- [Exercise directions]: An exact copy of the lines from the one containing "Rechargeable Air Compression" through the final line of the records is the only acceptable answer.

- [Crawled caption data]:
══════

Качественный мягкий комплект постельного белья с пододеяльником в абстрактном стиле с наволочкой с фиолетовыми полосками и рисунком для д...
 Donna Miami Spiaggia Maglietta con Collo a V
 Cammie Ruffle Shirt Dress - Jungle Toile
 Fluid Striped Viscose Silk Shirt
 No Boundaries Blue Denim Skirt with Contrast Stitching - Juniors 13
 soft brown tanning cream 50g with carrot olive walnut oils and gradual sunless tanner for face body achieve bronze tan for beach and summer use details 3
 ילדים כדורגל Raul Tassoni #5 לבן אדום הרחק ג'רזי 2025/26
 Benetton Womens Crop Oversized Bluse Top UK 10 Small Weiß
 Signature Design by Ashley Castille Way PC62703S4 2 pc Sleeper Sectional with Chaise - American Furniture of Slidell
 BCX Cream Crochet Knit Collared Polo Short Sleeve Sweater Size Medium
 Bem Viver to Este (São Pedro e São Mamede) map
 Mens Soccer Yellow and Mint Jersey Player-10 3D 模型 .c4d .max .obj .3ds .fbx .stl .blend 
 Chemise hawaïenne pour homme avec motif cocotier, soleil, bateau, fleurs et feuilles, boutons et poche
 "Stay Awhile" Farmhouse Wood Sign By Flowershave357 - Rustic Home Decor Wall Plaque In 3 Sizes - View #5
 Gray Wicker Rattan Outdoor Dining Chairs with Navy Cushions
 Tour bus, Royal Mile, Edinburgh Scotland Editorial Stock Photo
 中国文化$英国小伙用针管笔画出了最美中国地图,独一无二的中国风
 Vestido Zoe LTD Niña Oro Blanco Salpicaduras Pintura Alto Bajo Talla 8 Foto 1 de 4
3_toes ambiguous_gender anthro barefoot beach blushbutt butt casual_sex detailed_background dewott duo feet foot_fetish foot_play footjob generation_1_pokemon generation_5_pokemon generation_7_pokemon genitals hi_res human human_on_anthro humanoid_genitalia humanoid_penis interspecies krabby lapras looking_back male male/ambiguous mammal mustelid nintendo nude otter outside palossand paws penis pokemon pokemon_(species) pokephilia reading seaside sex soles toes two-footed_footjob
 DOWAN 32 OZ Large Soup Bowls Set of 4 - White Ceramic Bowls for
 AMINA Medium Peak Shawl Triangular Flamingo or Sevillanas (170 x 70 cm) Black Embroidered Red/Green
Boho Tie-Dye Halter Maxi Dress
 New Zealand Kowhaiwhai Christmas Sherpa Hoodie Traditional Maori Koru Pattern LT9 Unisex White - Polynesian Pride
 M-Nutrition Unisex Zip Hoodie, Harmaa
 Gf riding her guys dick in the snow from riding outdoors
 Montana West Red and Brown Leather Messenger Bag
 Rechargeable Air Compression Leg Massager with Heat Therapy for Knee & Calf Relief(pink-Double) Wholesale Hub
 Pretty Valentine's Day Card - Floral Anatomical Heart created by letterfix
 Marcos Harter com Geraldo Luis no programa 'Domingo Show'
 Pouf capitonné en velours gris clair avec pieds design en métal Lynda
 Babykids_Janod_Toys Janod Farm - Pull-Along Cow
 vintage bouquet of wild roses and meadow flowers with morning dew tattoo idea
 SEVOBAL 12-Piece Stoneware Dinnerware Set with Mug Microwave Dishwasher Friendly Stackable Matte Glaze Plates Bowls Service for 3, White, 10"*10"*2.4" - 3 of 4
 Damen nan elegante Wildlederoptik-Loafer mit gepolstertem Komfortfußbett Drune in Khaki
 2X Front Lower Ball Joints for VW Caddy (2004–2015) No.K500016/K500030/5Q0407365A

══════

- [Exercise output]:
 Rechargeable Air Compression Leg Massager with Heat Therapy for Knee & Calf Relief(pink-Double) Wholesale Hub
 Pretty Valentine's Day Card - Floral Anatomical Heart created by letterfix
 Marcos Harter com Geraldo Luis no programa 'Domingo Show'
 Pouf capitonné en velours gris clair avec pieds design en métal Lynda
 Babykids_Janod_Toys Janod Farm - Pull-Along Cow
 vintage bouquet of wild roses and meadow flowers with morning dew tattoo idea
 SEVOBAL 12-Piece Stoneware Dinnerware Set with Mug Microwave Dishwasher Friendly Stackable Matte Glaze Plates Bowls Service for 3, White, 10"*10"*2.4" - 3 of 4
 Damen nan elegante Wildlederoptik-Loafer mit gepolstertem Komfortfußbett Drune in Khaki
 2X Front Lower Ball Joints for VW Caddy (2004–2015) No.K500016/K500030/5Q0407365A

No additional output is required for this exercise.